Monitoring documented in the Kubernetes Git repo https://git.k-space.ee/k-space/kube/src/branch/master/monitoring
Do not add any more new content here
Ubuntu consistently ships outdated versions of the node-exporter. Hence suggested course of action here is to fetch static binary, extract and move it to /usr/local/bin/node_exporter
and set up systemd service:
wget https://github.com/prometheus/node_exporter/releases/download/v1.9.0/node_exporter-1.9.0.linux-amd64.tar.gz
tar xvzf node_exporter-1.9.0.linux-amd64.tar.gz
cp node_exporter-1.9.0.linux-amd64/node_exporter /usr/local/bin/node_exporter
cat << \EOF > /etc/systemd/system/node_exporter.service
[Unit]
Description=Node Exporter
[Service]
# Make sure you don't make it available to whole world by adding listen address
# --web.listen-address="172.20.8.XXX:9100"
RuntimeDirectory=node-exporter
ExecStart=/usr/local/bin/node_exporter --collector.textfile.directory /run/node-exporter
User=nobody
[Install]
WantedBy=multi-user.target
EOF
systemctl enable --now node_exporter
Enable k10temp for Opterons:
echo k10temp >> /etc/modules
modprobe k10temp
For disks you need additional textfile metrics:
apt install -y nvme-cli smartmontools
echo > /usr/local/bin/node-exporter-textfile-collectors
curl https://raw.githubusercontent.com/prometheus-community/node-exporter-textfile-collector-scripts/master/nvme_metrics.sh >> /usr/local/bin/node-exporter-textfile-collectors
curl https://raw.githubusercontent.com/prometheus-community/node-exporter-textfile-collector-scripts/master/smartmon.sh >> /usr/local/bin/node-exporter-textfile-collectors
chmod +x /usr/local/bin/node-exporter-textfile-collectors
cat << \EOF > /etc/systemd/system/node_exporter_textfile_collectors.service
[Unit]
Description=Node Exporter textfile collectors
[Service]
Restart=always
RestartSec=30s
ExecStart=/bin/bash -c '/usr/local/bin/node-exporter-textfile-collectors > /run/node-exporter/disks.part; mv /run/node-exporter/disks.part /run/node-exporter/disks.prom'
[Install]
WantedBy=multi-user.target
EOF
systemctl enable --now node_exporter_textfile_collectors
Submit PR here
On Ubuntu at least the SMART metric collector uses host locale and if it's eg Estonian fails to generate correct metrics output, to work around either change host locale to English or insert LC_NUMERIC=""

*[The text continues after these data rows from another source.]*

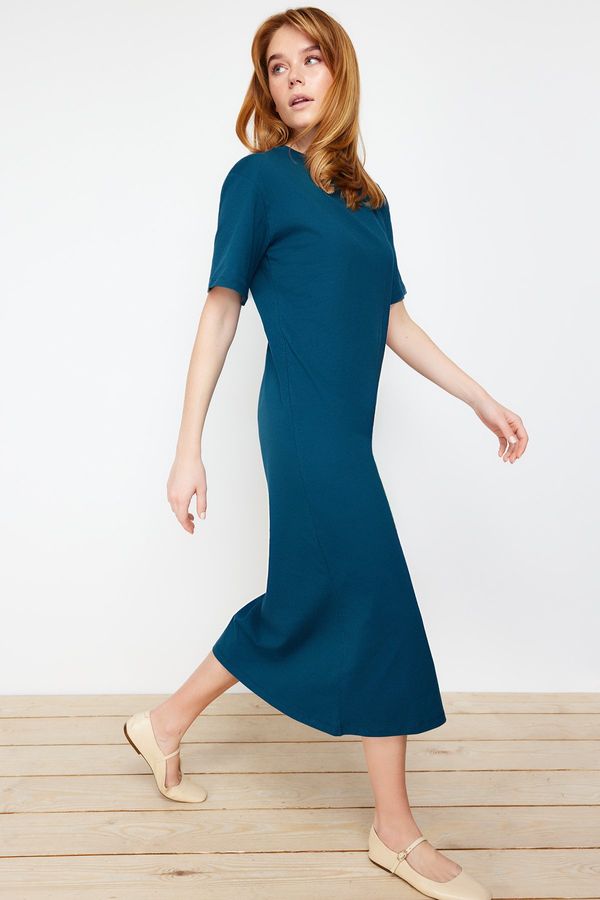 Trendyol Trendyol Petrol 100% Cotton Slit Detailed Shift/Comfortable Cut Mid Knitted Midi Dress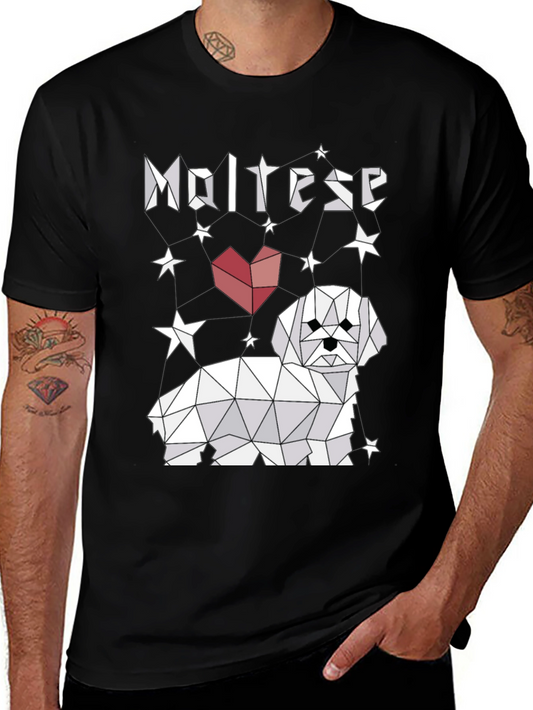 Geometric Maltese Heart T-Shirt – Cute Dog Lover Graphic Tee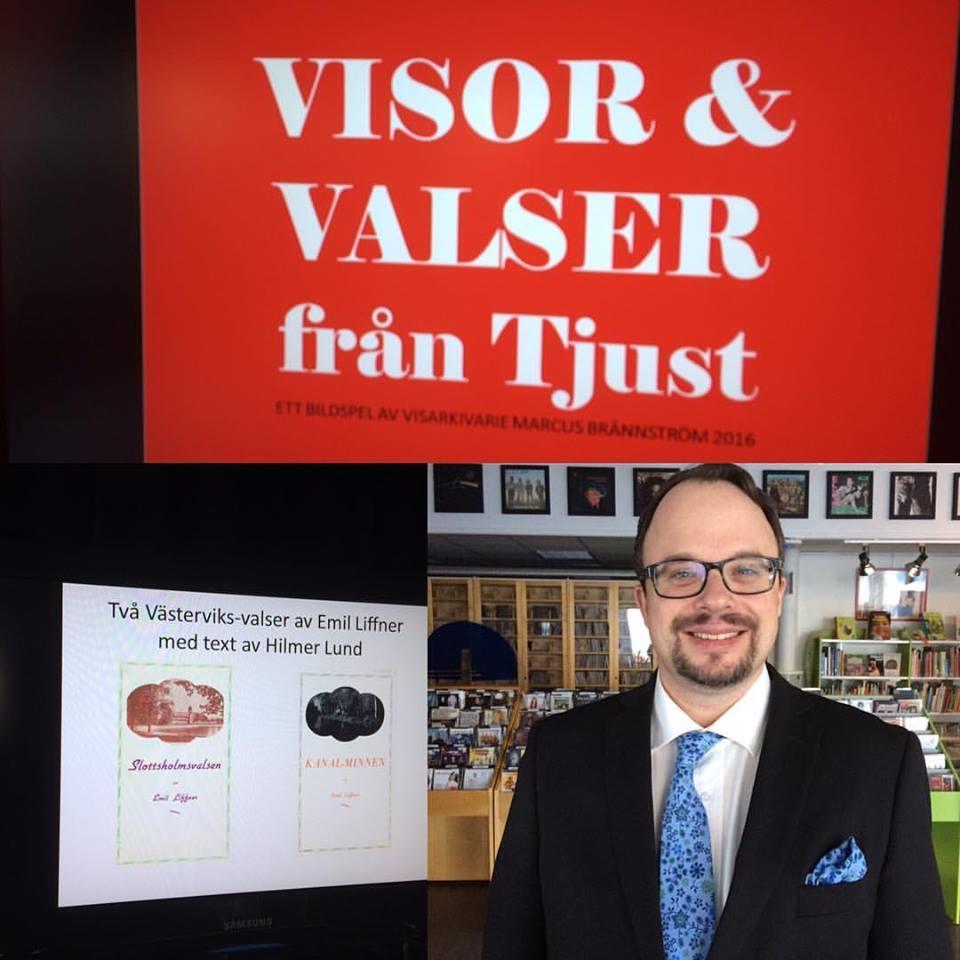 Ett bildcollage från Arkivens dag i Västerviks musikbibliotek & visarkiv med visarkivarie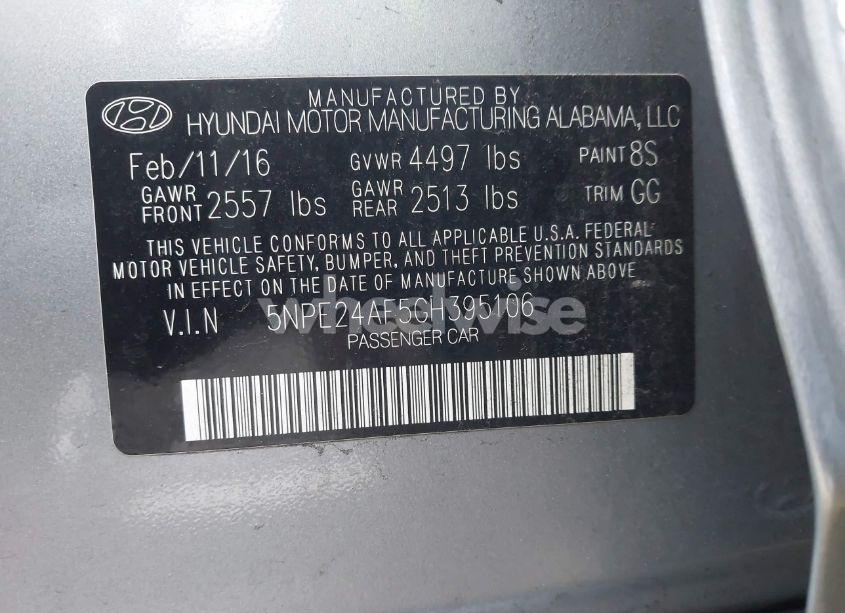 Photo 9 of 2016 Hyundai Sonata (VIN 5NPE24AF5GH395106)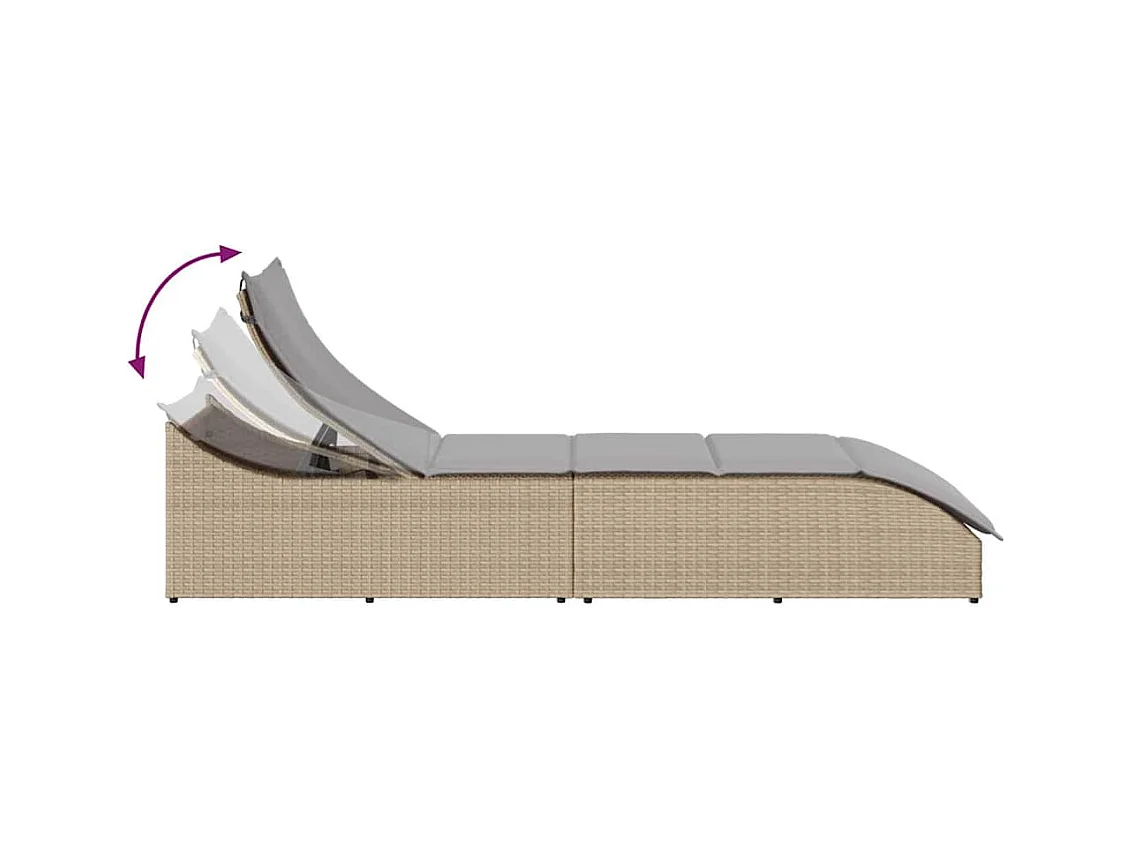 Chaise longue pliante coussin et rangement beige résine tressée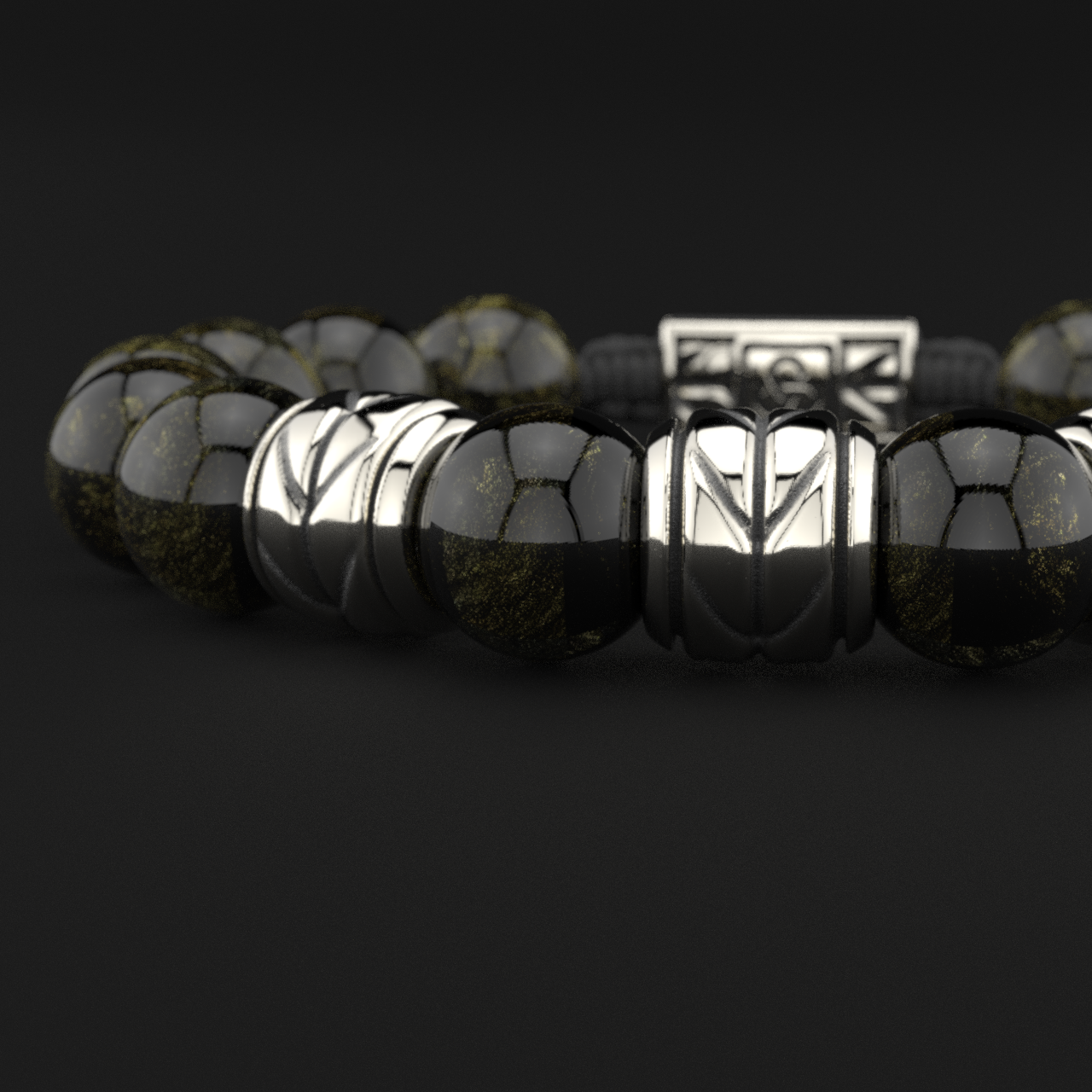 Obsidian Bracelet 12mm | Woven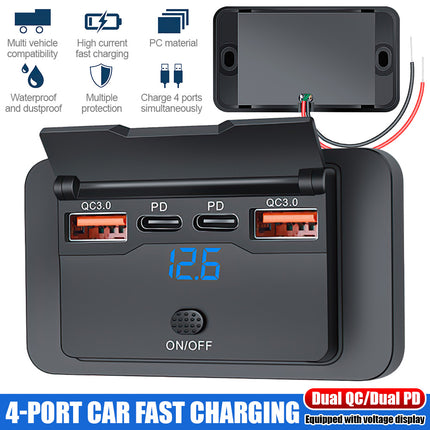 DC 12V-24V PD USB-C Fast Car Charger Socket Power Outlet Panel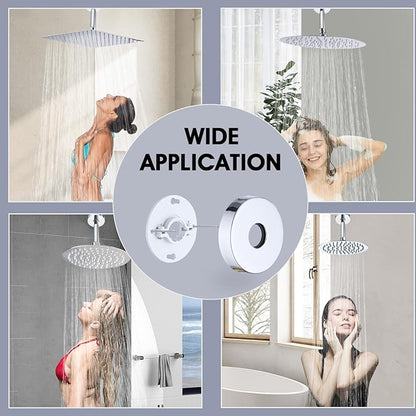 6 Inch Shower Arm with Flange and Stabilizer Bracket, Ceiling Mount Replacement Rain Shower Head 304 Stainless Steel Straight Arm For Fixed Shower Head, Chrome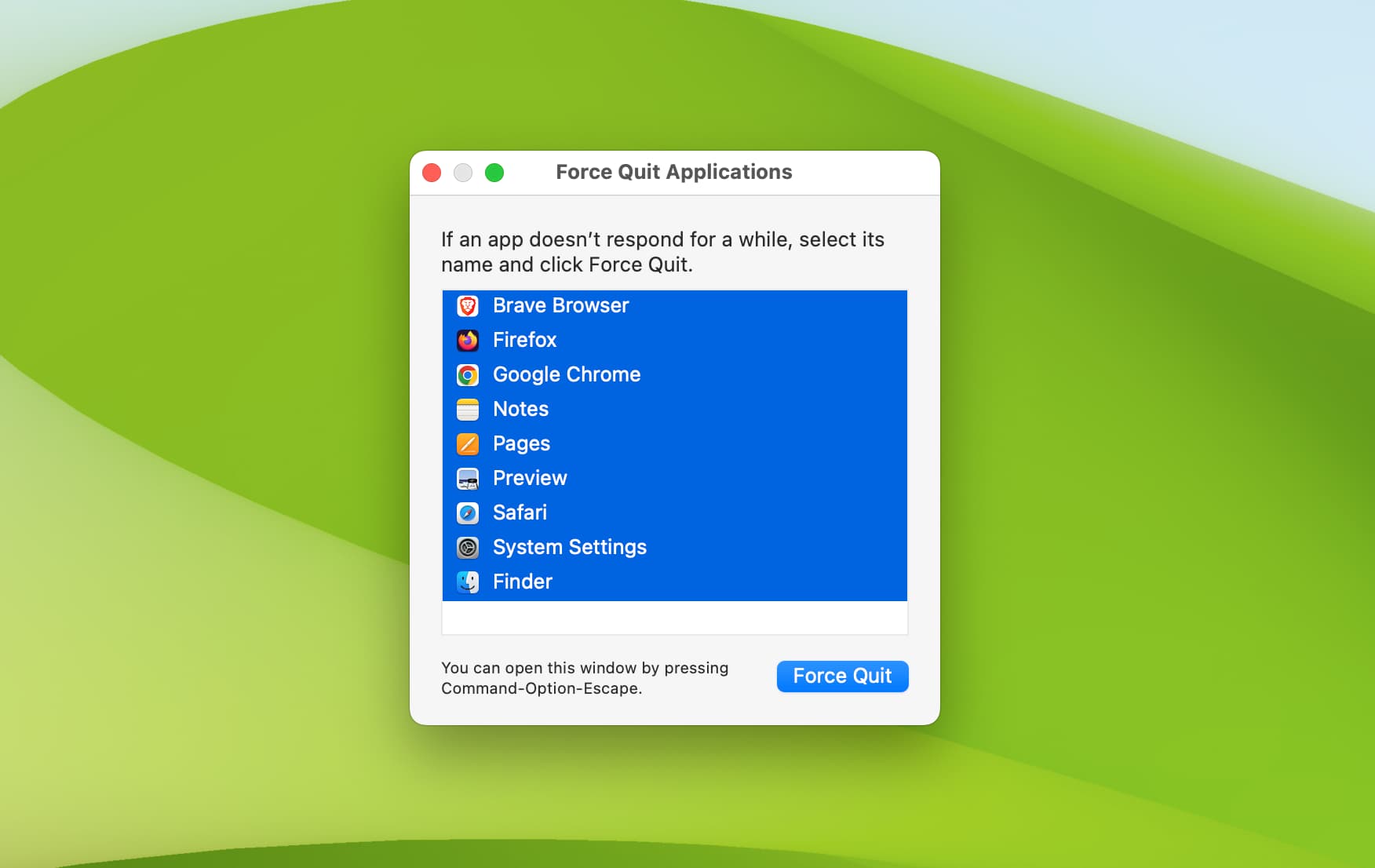 Forcer la fermeture de toutes les applications sur Mac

into beginning of /usr/share/prometheus-node-exporter-collectors/smartmon.sh
and restart SMART collector with systemctl restart prometheus-node-exporter-smartmon
[1296440.510960] No Local Variables are initialized for Method [_PMM]
[1296440.510962] No Arguments are initialized for method [_PMM]
[1296440.510970] ACPI Error: Aborting method \_SB.PMI0._PMM due to previous error (AE_NOT_EXIST) (20190816/psparse-531)
[1296440.512662] ACPI Error: AE_NOT_EXIST, Evaluating _PMM (20190816/power_meter-325)
cat << EOF > /etc/modprobe.d/node-exporter.conf
blacklist acpi_power_meter
EOF
rmmod acpi_power_meter